It is human nature to want to blame failures on others. As they say winners attract many owners and losers the opposite.
 
A year ago, the Nigeria Stockbroker was celebrated all over; investors loved them; they made money for investors, lots of it, they were even referred to in some tabloid magazines as the new big boys. Some of them even started to pretend they were rich and became big spenders.
 
The current economic meltdown and the resultant effect on the economy and the stock market particularly, changed all that. Not only are they now one of the most hated groups in the country, some are now some of the poorest. Every one now has a name for them.
 
Overnight they have replaced bankers as the new whipping boys. They have all suddenly become dishonest and manipulative, and in some extreme cases, called thieves .The reality is that stockbrokers are mere conduits that pass money from an original server to a final user.
 
Yes, some give advice, but no one is under any obligation to take their advice. Besides, it was the same advice that made all that money that kept bringing investors back.
 
I must state outright that as a member of the Stock broking community, some readers may   accuse me, of bias and of defending stockbrokers. I am only interested in stating the case as it is, so as to present the side of the honest stockbrokers who are hardworking and also facing similar crisis as their investors. I don’t believe there are stockbrokers who like the current situation.
 
I am however unable to defend those stockbrokers who knowingly sell their investors’ stocks, appropriate monies put in their care or exhibit any other bad behaviour not expected of a serious professional stock broker.  I can only say that the few in this category will no doubt represent a small percentage of our stock brokerage community and definitely, also indicative of the population of crooks in every other profession in the land- the 419 lawyers, the dodgy Estate agents, the bribe collecting   bankers etc.
 
My point is that the times always dictate the current victim. Finance houses and their operators were the standard crooks in the eye of the public in the early 80’s when finance houses failed in droves and operators vanished overnight and investors lost money. In the 1990’s they were replaced by bankers and their failing banks.
 
The irony is that in all the cases, greedy investors and the public, including the cacophonic Nigerian press that over sell these institutions and their operators all refuse to acknowledge their role in the new situation. Investors who put money in wonder banks like ‘Forum Business Finance’ and ‘Plan Well ‘, (some of the most popular in their days) don’t see their role in building up these institutions that the most prudent man can easily evaluate as too good to be true and thus avoid .
 
The greedy investor insists on dealing in this fools’ gold only to come later to blame everyone but themselves.
 
They blame the operator, the regulators and everyone else. The fact is, that the inability to sustain these operations is obvious in the tell tale signs of the unusually high expectations, in terms of returns, and the herd mentality that usually goes with it. Everyone rushes to be the next millionaire without minding the risk.
 
 
This is not the first time the stock market and stockbrokers are being vilified for excesses; it is usually in difficult times. The critics, who see prices going up daily, don’t see anything wrong, until the prices start to trend down .That is when they descend on stockbrokers, charging them with everything from   manipulation to all manner of fraud allegations.
 
1997 was another such year .The Nigerian Stock market was trending down, with prices falling, except that the trouble was essentially a case of uncertainty in the economy.
 
The political environment was stifling, the economy was in the   doldrums, the Asian economic crisis that eventually spread to South America and Russia was just beginning and the Nigeria Stock Exchange was implementing the newly introduced Central Securities Clearing System, CSCS. Oil was selling way below $20 a barrel and the price of oil was going down even faster, as demand for oil slowed. Following the economic crisis in these other regions, our markets reacted and witnessed a slow down, not anything close to what we have today.
 
But then, there were very few players in the market. The prolonged slow- down also resulted in many commentators accusing the markets and its operators of manipulation and fraud.

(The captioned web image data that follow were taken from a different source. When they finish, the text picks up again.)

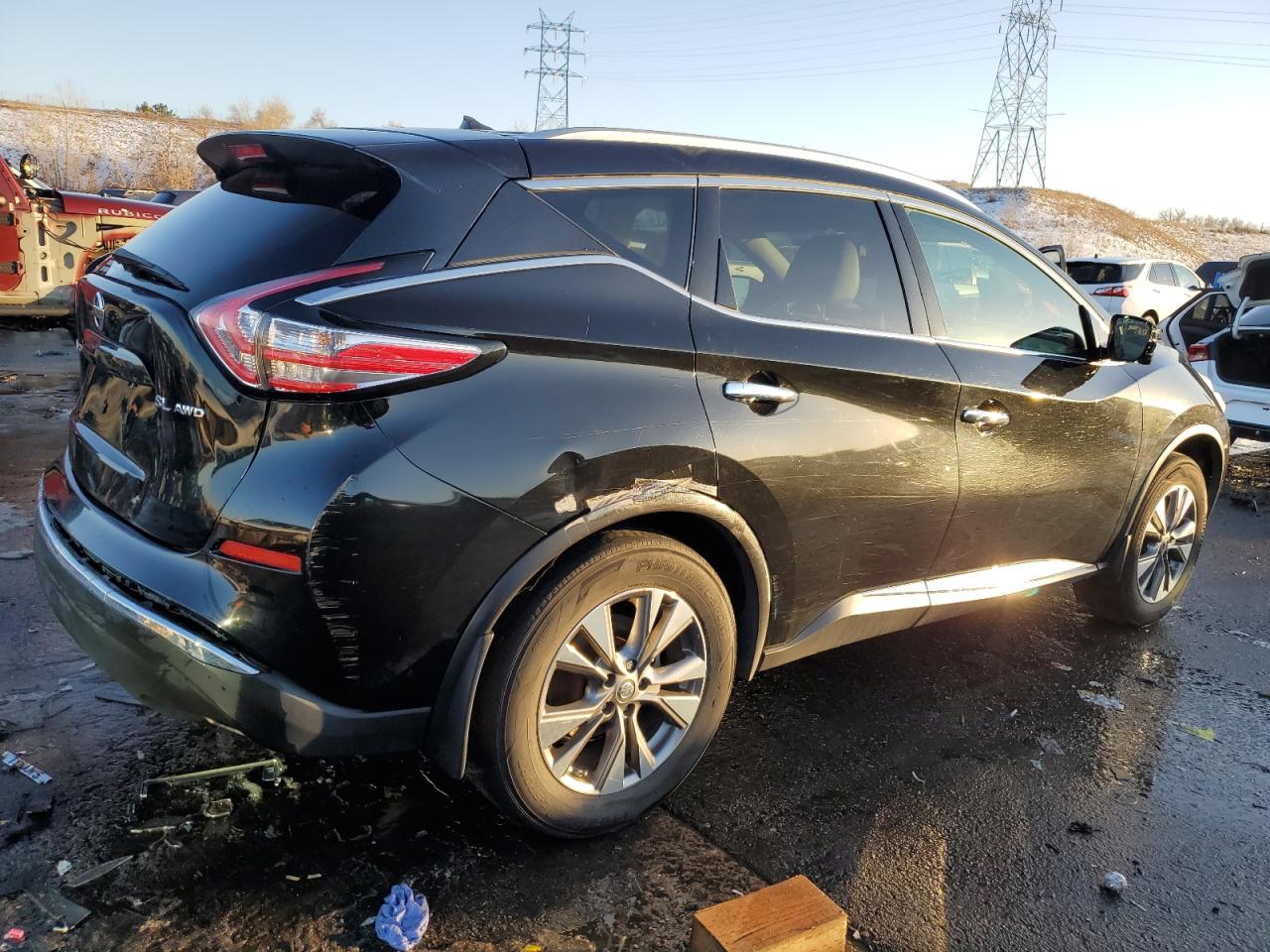 2016 Nissan Murano - Image 3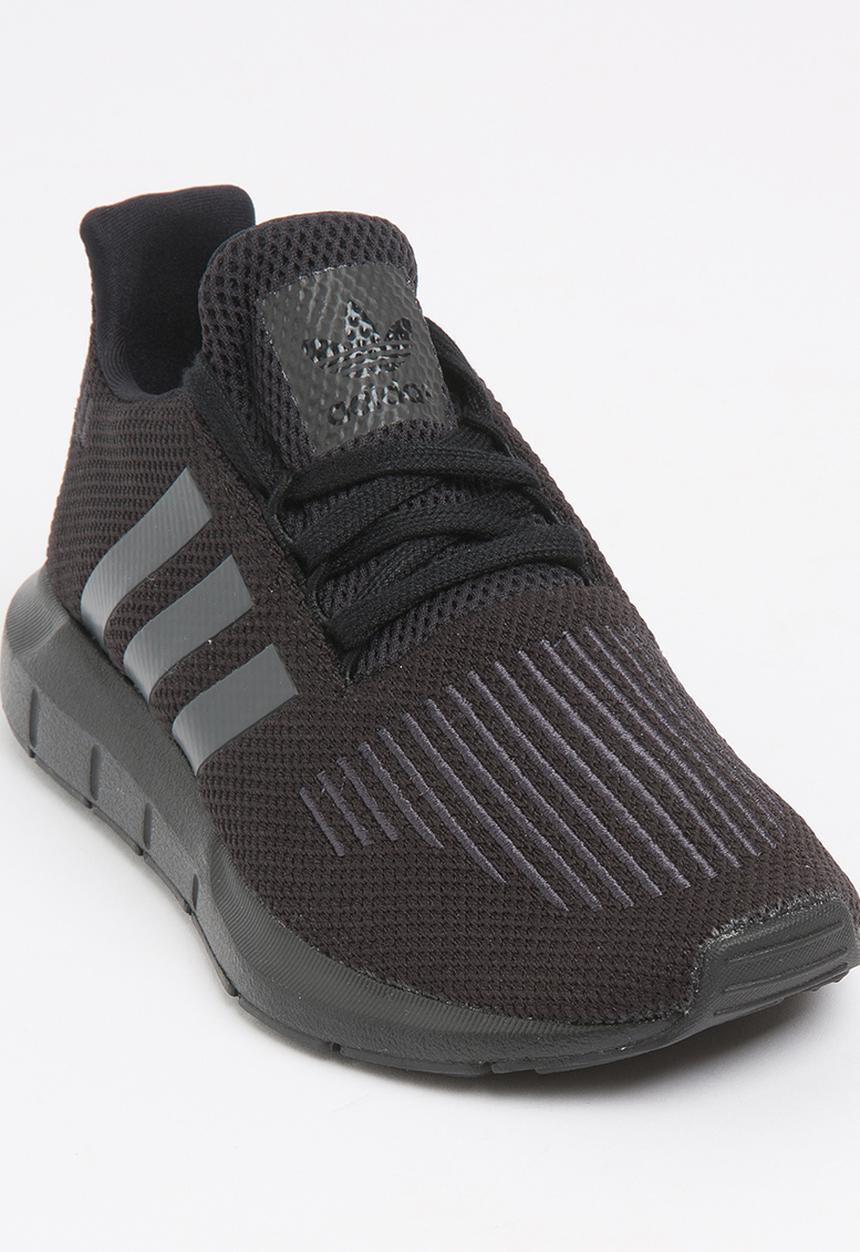 adidas Originals - Swift Run J Sneaker Black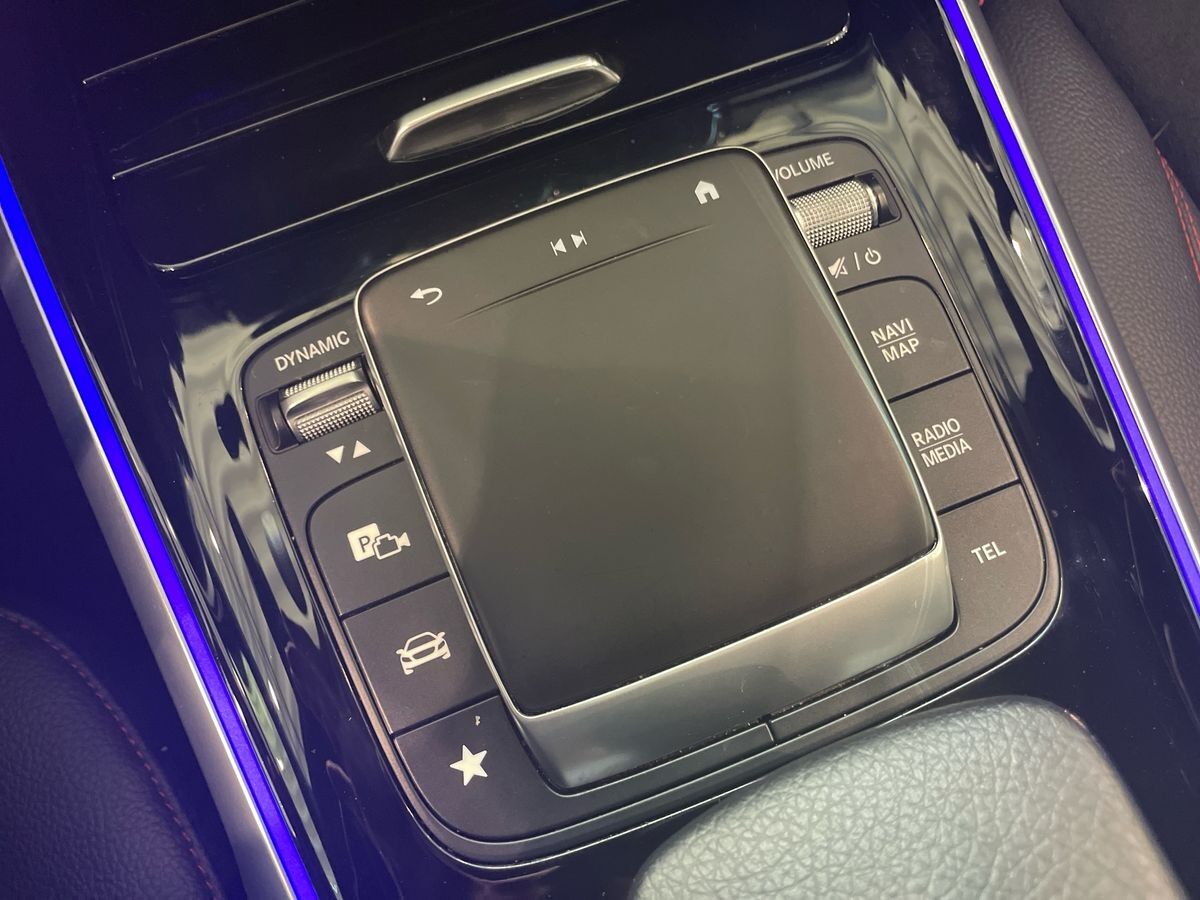Billede af Mercedes-Benz EQB 300 EL 4Matic 228HK 5d Aut.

I remember reacting at the time; I had written an article for the Guardian which was published with the title ‘Hate comes to the market’. I argued then that markets are what they are, they go up and they come down. The dualities of the elements that govern the market never change, people just don’t learn.
 
The truth is that the investing public needs extensive public education about how the market works. Investors, particularly new investors need to understand that the stock market is a market for long-term savings, not where you double money, unless of course you know what you are doing.
 
Even these set of speculators who embark on these high risk plays sometimes get caught and they pay dearly for it as we have seen recently worldwide. The stock markets have no experts, it is an approximation game. The science of pricing stocks is very imprecise and capable of fooling the most acclaimed experts; ask those celebrated stock operator in the 30’s some of whom were reputed to be a billionaires, they were wiped out with the 1929/33 crash of the American stock markets.
 
Most recently the Saudi Billionaire Al Walid who was considered a very shrewd investor because of his intelligent investment picks, especially his investment in Citibank, which was well timed resulting in rapid growth of his holdings in, he was caught napping in the current meltdown; he lost a bundle, when Citibank stock tanked, losing 80% of its value.
 
The celebrated American investor Warren Buffet is mostly confused as a stock market investor. Far from it, Warren Buffet’s strategy has largely been to play the stock markets as a long-term private equity investor.
 
He finds a good entry point to make a bet on a company and stay with that investment forever. His investment in Washington Post Company, Coca cola and Gillette fit this pattern of long-term investing. He has kept these investments for upwards of 20yrs, how many of our investors take this perspective?
 
The boom and bust story of the market is almost random .It usually follow a pattern of economic boom, creating liquidity that pushes prices up , creating profits who are lucky to own those stocks in that period, the stories of these new profits, draws in new investors to join the party .
 
At the height of it all, we all become giddy, until the economy slows down and there is a bust, prices come tumbling down and we are back to reality.
 
The most recent investors become the next victim and they all cry foul and the whipping boys in the stock markets are called to account for the foolish judgment of greedy investors. And the cycle begins all over again, Stockbrokers become the new Villains. Their good deeds in good times are all forgotten.